_WHAT YOU WILL DO:_
Copy the following data exactly and drop the pictures.

_RECORDED DATA:_
★ ★ ★ ★ ★ ★ ★

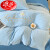 多喜爱 DOHIA.COM牛奶绒水晶绒纯色刺绣四件套珊瑚绒法莱绒宝宝绒婴儿 雏菊-星辰银 1.2m床单款三件套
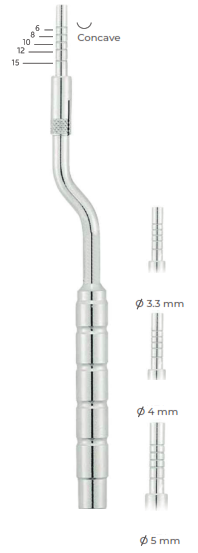 Osteotomes Concave Ø 3,3 mm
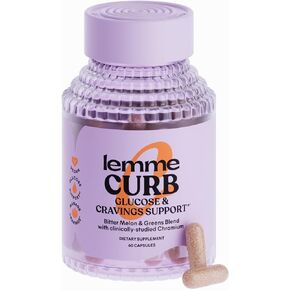Lemme Curb Cravings, Improve Carb Metabolism, Support Weight Management w/Clinically Studied Chromium Picolinate, Bitter Melon, Ceylon Cinnamon & Greens Blend I Drug-Free I Vegan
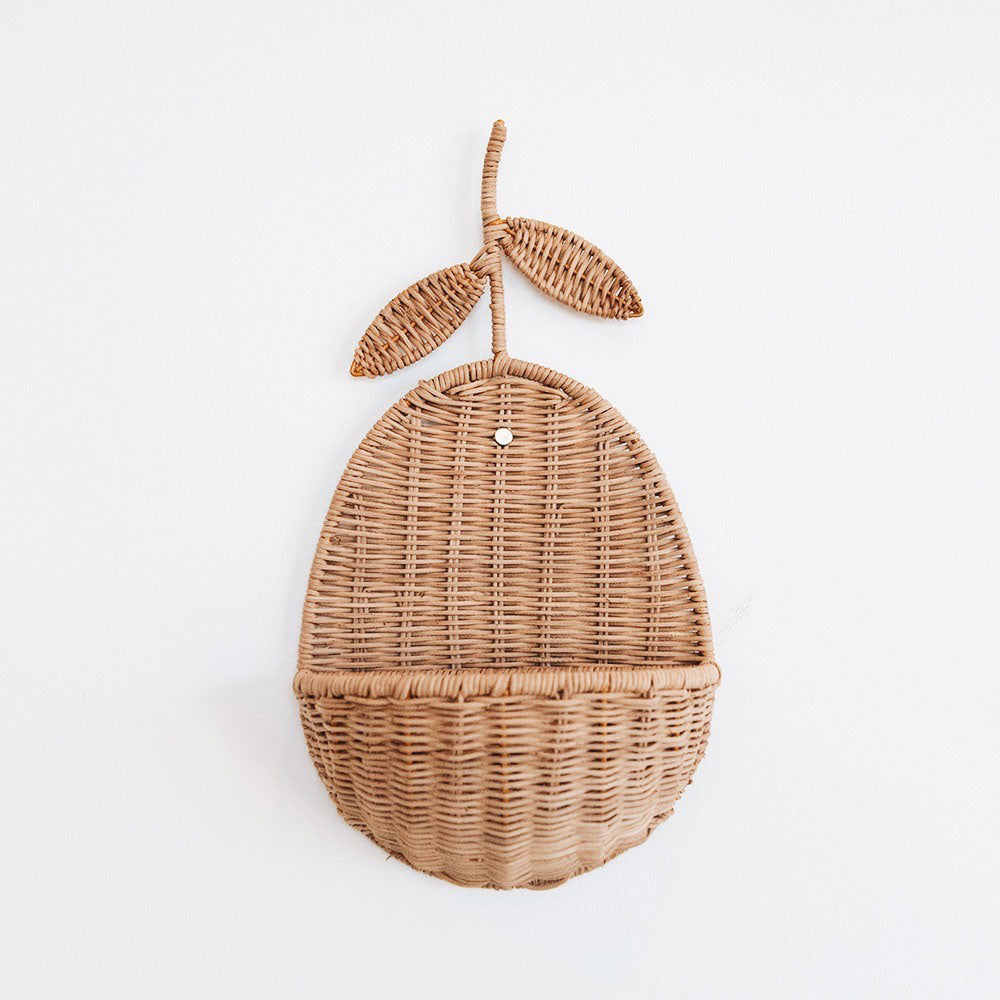 Fresh Lemon Wall Basket - Rustic Farmhouse Decor for Kitchen, Bathroom, or Outdoor Hanging Storage | Perfect for Fruits, Vegetables, and Home Organization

★ ★ ★ ★ ★ ★ ★

_RESULT OF THE EXERCISE:_
 多喜爱 DOHIA.COM牛奶绒水晶绒纯色刺绣四件套珊瑚绒法莱绒宝宝绒婴儿 雏菊-星辰银 1.2m床单款三件套
 Osteotomes Concave Ø 3,3 mm
Lemme Curb Cravings, Improve Carb Metabolism, Support Weight Management w/Clinically Studied Chromium Picolinate, Bitter Melon, Ceylon Cinnamon & Greens Blend I Drug-Free I Vegan
 Fresh Lemon Wall Basket - Rustic Farmhouse Decor for Kitchen, Bathroom, or Outdoor Hanging Storage | Perfect for Fruits, Vegetables, and Home Organization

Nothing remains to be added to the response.